I am an Executive Chef at a Hotel in OC, Ca. with 30 years experience.

Recently I placed an add for a line cook for our fine dinning restaurant. I got many replies and resumes sent to me.

There were two resumes that stood-out from chefs who had graduated from the Cordon Bleu in Pasadena California. I decided to interview both chefs for the position, a guy and a girl. Both could not define the five mother sauces.

   Wow, this is a culinary school?   They both showed me thier culinary degrees. How is this possible?

Is this really a culinary school?  What does this school charge $$ ?

I didn't hire either of them.


----------



## cleverchef (Jul 25, 2011)

Everyone in culinary school better be ready for the real world... Forget about your weekends off, forget about seeing a 9 to 5 work day.

If this is really want to do for the rest of your life, wake up.

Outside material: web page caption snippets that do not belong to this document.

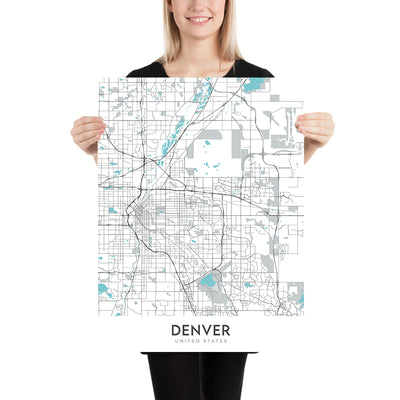 Moderne Stadtkarte von Denver, CO: Red Rocks, Stadtpark, Larimer Sq, Highlands, Capitol Hill 
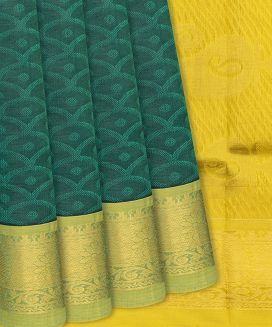 Sea Green Handloom Silk Cotton Saree With Rudraksham Motifs
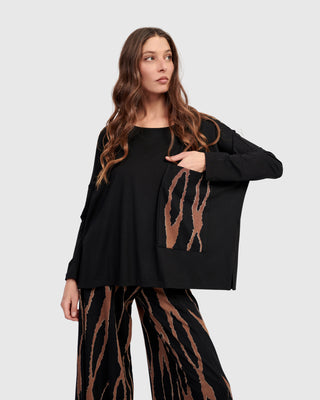 Alembika Boxy Pocket Top, Wood - Statement Boutique
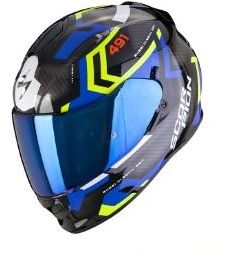 SCORPION prilba na motocykel EXO-491 SPIN, čierna/modrá/fluo žltá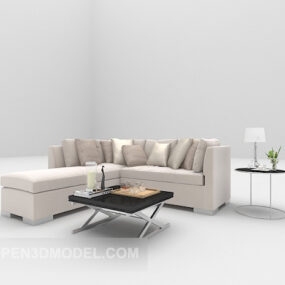 Canapé en cuir beige clair modèle 3D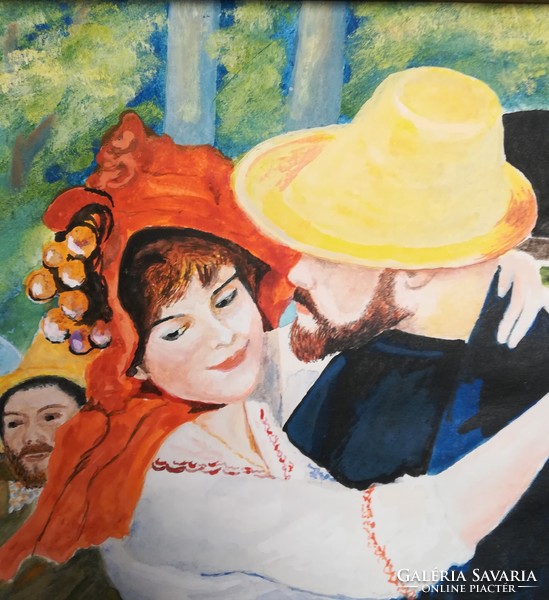 "Tánc Bougival-ban", Renoir festménye alapján készült akvarell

Being a chef is some of the hardest work out there. You better know your stuff and be ready to work 50+ hour work weeks.

Chefs are the most under apreciated professionals in the work force. It is only a very few that become "Rockstar Chefs" with fame and fortune. In fact it easier to become a grammy awarded rock star then it is to become a millionaire famous chef. Get ready to work your ass off. Your going to need a lot of years before you start making real money.


----------



## chef e-skills (Jun 23, 2011)

Wow Chef, that is crazy over here in San Antonio, Tx I'm attending the new AI culinary school, I truly believe it's if the one set to become a chef love it for what it is, and not what they see on tv, I so hate when someone tells me oh so you wanna be on tv, it makes me what to throw up. I want to learn from real chefs like you said in the real world (chef world). Our chefs shove that stuff down our throats esp the mother sauces, I cant believe they didnt know the mother sauces! That is embarrassing, I say. As i was mentioning I truly think its the ones who want it more than others, every qtr theres about 7-10 students that will drop, either they cant hack the work or they dont like it anymore. It makes me laugh. Our chef even made us read Tony Bourdains, "Kitchen Confidential" and do a paper on it.


----------



## chef e-skills (Jun 23, 2011)

I wish some of you who are Chefs at restaurants could talk to my fellow classmates, as i stated a few times, my Chef instructor is always saying how the chef world is and we have to hustle, but most of them think its not or know people who tell them its not, but to hear you say it takes hardwork and what you can do as a chef and not what claim to know is refreshing to me and lets me know Im ready for it and ahead of most of the students in my classes.


----------



## josh1110 (Sep 24, 2010)

Chef E-Skills said:


> Wow Chef, that is crazy over here in San Antonio, Tx I'm attending the new AI culinary school, I truly believe it's if the one set to become a chef love it for what it is, and not what they see on tv, I so hate when someone tells me oh so you wanna be on tv, it makes me what to throw up. I want to learn from real chefs like you said in the real world (chef world). Our chefs shove that stuff down our throats esp the mother sauces, I cant believe they didnt know the mother sauces! That is embarrassing, I say. As i was mentioning I truly think its the ones who want it more than others, every qtr theres about 7-10 students that will drop, either they cant hack the work or they dont like it anymore. It makes me laugh. Our chef even made us read Tony Bourdains, "Kitchen Confidential" and do a paper on it.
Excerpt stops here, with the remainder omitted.